▸ Task statement:
Each record below should be returned exactly, with its pictures left out.

[Captioned web images]

________________________________________

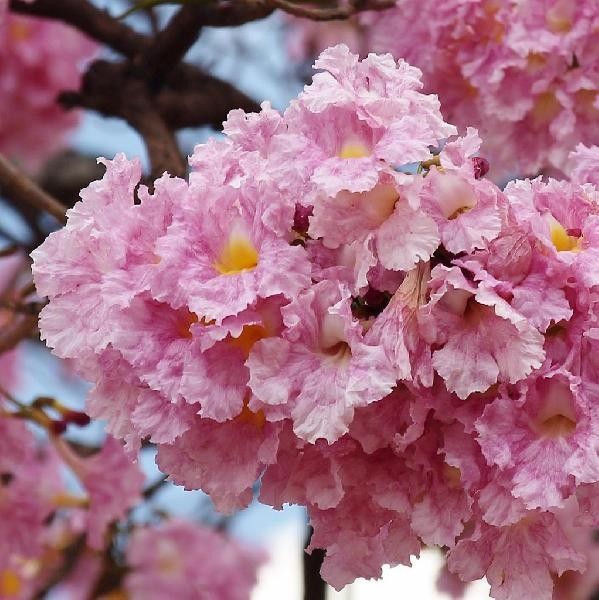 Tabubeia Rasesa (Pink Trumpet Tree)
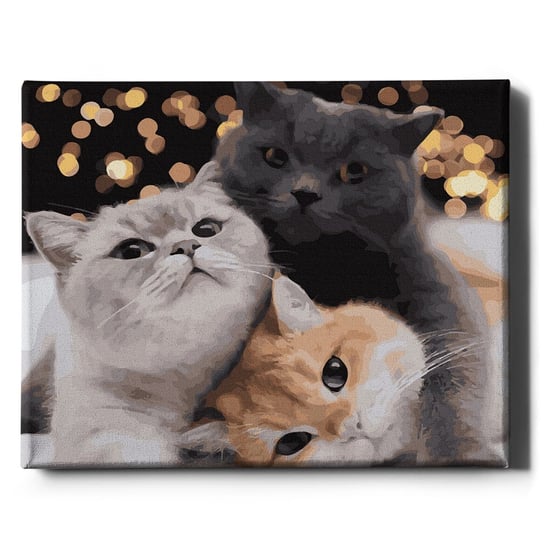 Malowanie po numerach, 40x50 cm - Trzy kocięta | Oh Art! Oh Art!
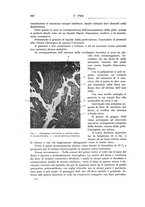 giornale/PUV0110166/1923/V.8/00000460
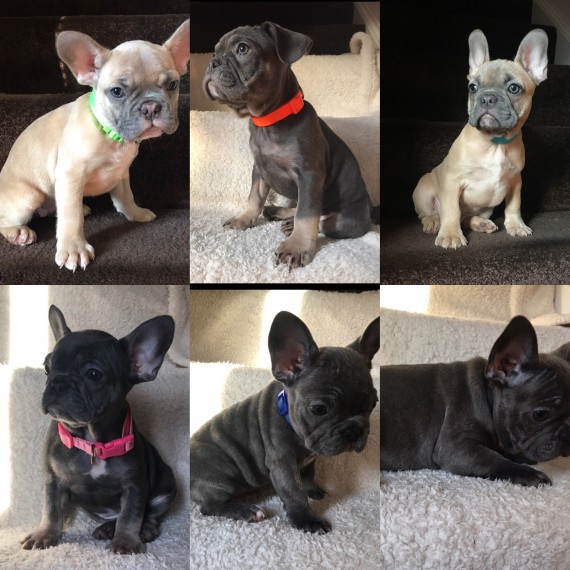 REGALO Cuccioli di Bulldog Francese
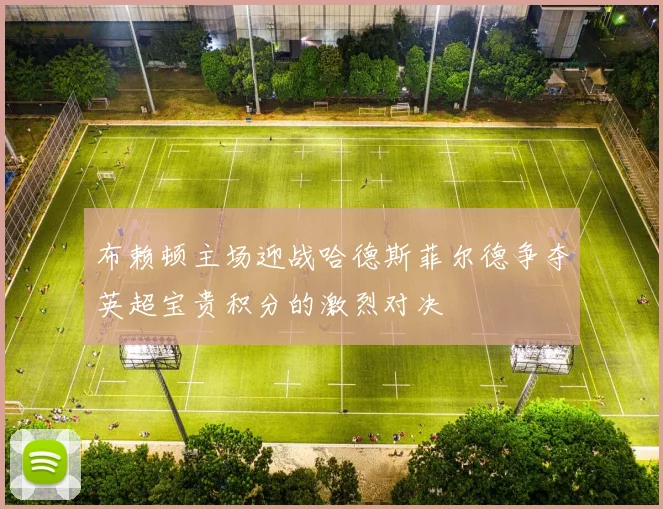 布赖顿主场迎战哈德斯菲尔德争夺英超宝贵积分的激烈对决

________________________________________

▸ Exercise answer:
 Tabubeia Rasesa (Pink Trumpet Tree)
 Malowanie po numerach, 40x50 cm - Trzy kocięta | Oh Art! Oh Art!
 giornale/PUV0110166/1923/V.8/00000460
 REGALO Cuccioli di Bulldog Francese
 布赖顿主场迎战哈德斯菲尔德争夺英超宝贵积分的激烈对决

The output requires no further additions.